Return a copy of each line in the listing that includes the word "naturally".

** Available data **
BEGIN

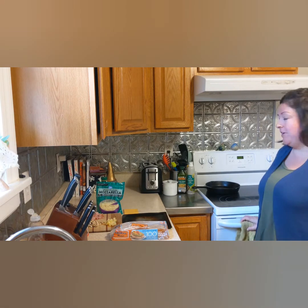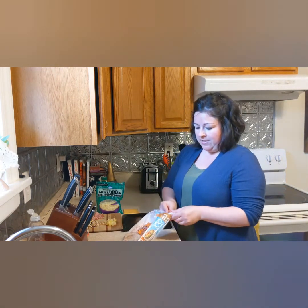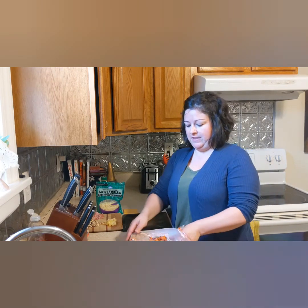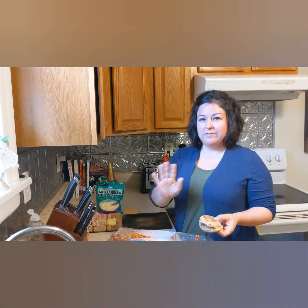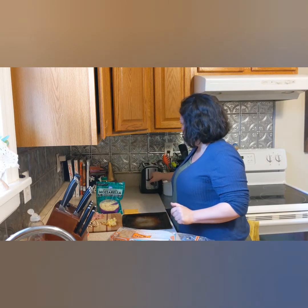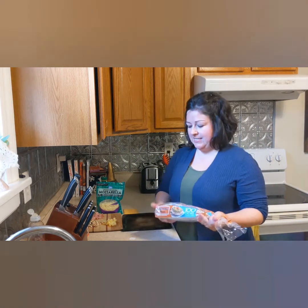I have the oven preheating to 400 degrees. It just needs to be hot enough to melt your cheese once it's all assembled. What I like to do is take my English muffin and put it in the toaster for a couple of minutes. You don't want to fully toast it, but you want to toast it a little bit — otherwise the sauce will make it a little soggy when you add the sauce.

END
BEGIN

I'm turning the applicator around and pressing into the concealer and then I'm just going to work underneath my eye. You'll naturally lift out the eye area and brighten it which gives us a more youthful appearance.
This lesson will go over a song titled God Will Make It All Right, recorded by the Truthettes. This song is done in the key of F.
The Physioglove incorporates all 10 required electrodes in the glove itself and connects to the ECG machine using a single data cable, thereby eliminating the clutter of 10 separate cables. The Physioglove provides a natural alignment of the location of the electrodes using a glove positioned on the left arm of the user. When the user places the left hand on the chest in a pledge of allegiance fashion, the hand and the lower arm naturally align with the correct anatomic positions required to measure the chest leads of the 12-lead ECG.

END

** Response to this task **
I'm turning the applicator around and pressing into the concealer and then I'm just going to work underneath my eye. You'll naturally lift out the eye area and brighten it which gives us a more youthful appearance.
The Physioglove incorporates all 10 required electrodes in the glove itself and connects to the ECG machine using a single data cable, thereby eliminating the clutter of 10 separate cables. The Physioglove provides a natural alignment of the location of the electrodes using a glove positioned on the left arm of the user. When the user places the left hand on the chest in a pledge of allegiance fashion, the hand and the lower arm naturally align with the correct anatomic positions required to measure the chest leads of the 12-lead ECG.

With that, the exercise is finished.